5th Director-General of Security
- In office 9 March 1976 – 4 September 1981
- Prime Minister: Malcolm Fraser
- Preceded by: Frank Mahony
- Succeeded by: Harvey Barnett

Personal details
- Born: Albert Edward Woodward 6 August 1928 Ballarat, Victoria, Australia
- Died: 15 April 2010 (aged 81)
- Parent: Eric Woodward (father);
- Alma mater: University of Melbourne
- Profession: Jurist

= Edward Woodward (judge) =

Australian jurist (1928–2010)

Sir Albert Edward Woodward (6 August 1928 – 15 April 2010) was an Australian jurist.

==Life and career==

Woodward was born in Ballarat in to Eric Woodward (later as Lieutenant General Sir Eric Woodward, a Governor of New South Wales) and Amy Freame (Weller), Lady Woodward. After completing both his primary and secondary education at Melbourne Grammar School, Woodward continued his studies at the University of Melbourne, where he graduated with a Master of Laws. He was admitted to the bar in 1951 and was appointed a Queen's Counsel in 1965. During his career, he sat on several boards and 17 Royal Commissions, on four of which he was the Chairman.

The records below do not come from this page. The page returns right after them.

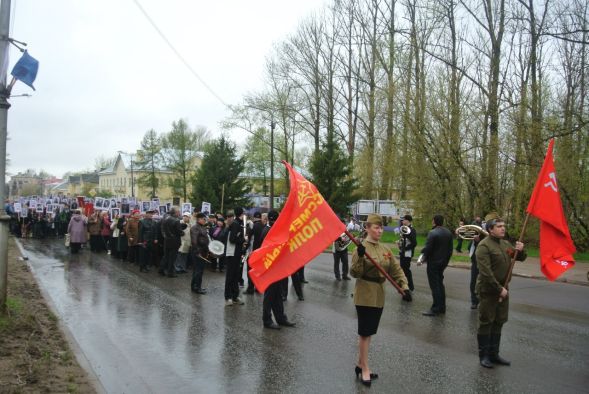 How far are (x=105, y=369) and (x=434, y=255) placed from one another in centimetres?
619

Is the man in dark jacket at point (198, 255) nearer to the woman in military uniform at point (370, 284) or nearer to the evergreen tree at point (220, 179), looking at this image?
the woman in military uniform at point (370, 284)

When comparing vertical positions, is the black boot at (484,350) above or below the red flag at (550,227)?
below

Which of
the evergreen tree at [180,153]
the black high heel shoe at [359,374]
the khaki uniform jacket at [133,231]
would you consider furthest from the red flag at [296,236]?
the evergreen tree at [180,153]

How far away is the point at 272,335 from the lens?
786cm

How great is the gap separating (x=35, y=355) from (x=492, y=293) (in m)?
5.44

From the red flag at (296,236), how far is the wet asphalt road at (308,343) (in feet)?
3.99

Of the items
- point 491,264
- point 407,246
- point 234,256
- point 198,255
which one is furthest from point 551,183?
point 198,255

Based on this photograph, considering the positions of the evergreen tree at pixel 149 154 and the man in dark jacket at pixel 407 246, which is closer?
the man in dark jacket at pixel 407 246

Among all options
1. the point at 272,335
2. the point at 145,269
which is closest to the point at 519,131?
the point at 145,269

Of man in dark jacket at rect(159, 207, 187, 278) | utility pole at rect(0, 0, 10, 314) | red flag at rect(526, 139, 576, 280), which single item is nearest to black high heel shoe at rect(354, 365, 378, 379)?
red flag at rect(526, 139, 576, 280)

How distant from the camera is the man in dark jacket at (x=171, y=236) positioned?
557 inches

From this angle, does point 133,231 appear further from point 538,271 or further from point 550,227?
point 550,227

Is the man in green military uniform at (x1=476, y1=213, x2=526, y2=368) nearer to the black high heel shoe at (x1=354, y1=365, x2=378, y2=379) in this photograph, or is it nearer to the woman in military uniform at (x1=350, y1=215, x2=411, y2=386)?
the woman in military uniform at (x1=350, y1=215, x2=411, y2=386)

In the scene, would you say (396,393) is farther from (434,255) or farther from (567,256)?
(434,255) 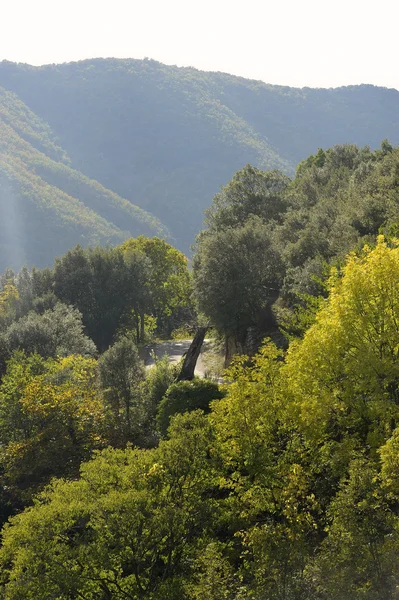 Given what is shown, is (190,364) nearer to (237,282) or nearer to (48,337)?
(237,282)

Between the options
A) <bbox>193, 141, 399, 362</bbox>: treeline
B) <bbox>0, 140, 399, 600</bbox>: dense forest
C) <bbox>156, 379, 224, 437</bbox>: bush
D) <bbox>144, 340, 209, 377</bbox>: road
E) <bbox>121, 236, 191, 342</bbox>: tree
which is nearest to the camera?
<bbox>0, 140, 399, 600</bbox>: dense forest

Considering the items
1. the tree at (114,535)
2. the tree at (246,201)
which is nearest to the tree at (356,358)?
the tree at (114,535)

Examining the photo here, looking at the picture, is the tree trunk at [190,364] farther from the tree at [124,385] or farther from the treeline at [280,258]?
the treeline at [280,258]

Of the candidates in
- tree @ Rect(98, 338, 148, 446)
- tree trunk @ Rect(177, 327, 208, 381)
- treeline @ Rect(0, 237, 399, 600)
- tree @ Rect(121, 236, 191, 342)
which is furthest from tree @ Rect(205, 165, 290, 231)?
treeline @ Rect(0, 237, 399, 600)

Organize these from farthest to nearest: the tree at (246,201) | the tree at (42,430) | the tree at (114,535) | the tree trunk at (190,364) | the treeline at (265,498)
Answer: the tree at (246,201) → the tree trunk at (190,364) → the tree at (42,430) → the tree at (114,535) → the treeline at (265,498)

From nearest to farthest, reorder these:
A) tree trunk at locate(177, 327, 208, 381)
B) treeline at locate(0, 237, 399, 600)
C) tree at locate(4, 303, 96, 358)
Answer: treeline at locate(0, 237, 399, 600), tree trunk at locate(177, 327, 208, 381), tree at locate(4, 303, 96, 358)

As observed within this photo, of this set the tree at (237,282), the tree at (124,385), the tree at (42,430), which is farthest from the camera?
the tree at (237,282)

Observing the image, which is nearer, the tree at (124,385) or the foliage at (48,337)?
the tree at (124,385)

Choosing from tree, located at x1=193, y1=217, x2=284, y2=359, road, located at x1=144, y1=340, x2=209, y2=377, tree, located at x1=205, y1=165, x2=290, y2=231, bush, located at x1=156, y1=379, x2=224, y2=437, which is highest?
tree, located at x1=205, y1=165, x2=290, y2=231

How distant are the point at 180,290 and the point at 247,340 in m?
34.4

The most famous of these was the Aboriginal Land Rights Commission in 1973–74. He was President of the Trade Practices Tribunal, 1974–76 and a Justice of the Federal Court of Australia, 1977–90.
As Director-General of Security between 1976 and 1981, he headed the Australian Security Intelligence Organisation.

He was a member of Camberwell Grammar School Council between 1972 and 1987 and Chairman in 1987. He was made a Life Governor of the school in 2002.

In 1990 he succeeded Sir Roy Douglas Wright as Chancellor of his alma mater, the University of Melbourne, a post he held until 2001.

He died in 2010, on 15 April 2010, aged 81.

==Honours==
Woodward was made an Officer of the Order of the British Empire in 1969, for service as Royal Commissioner into the Stevedoring Industry. He was made a Knight Bachelor in the 1982 Birthday Honours and Companion of the Order of Australia in 2001.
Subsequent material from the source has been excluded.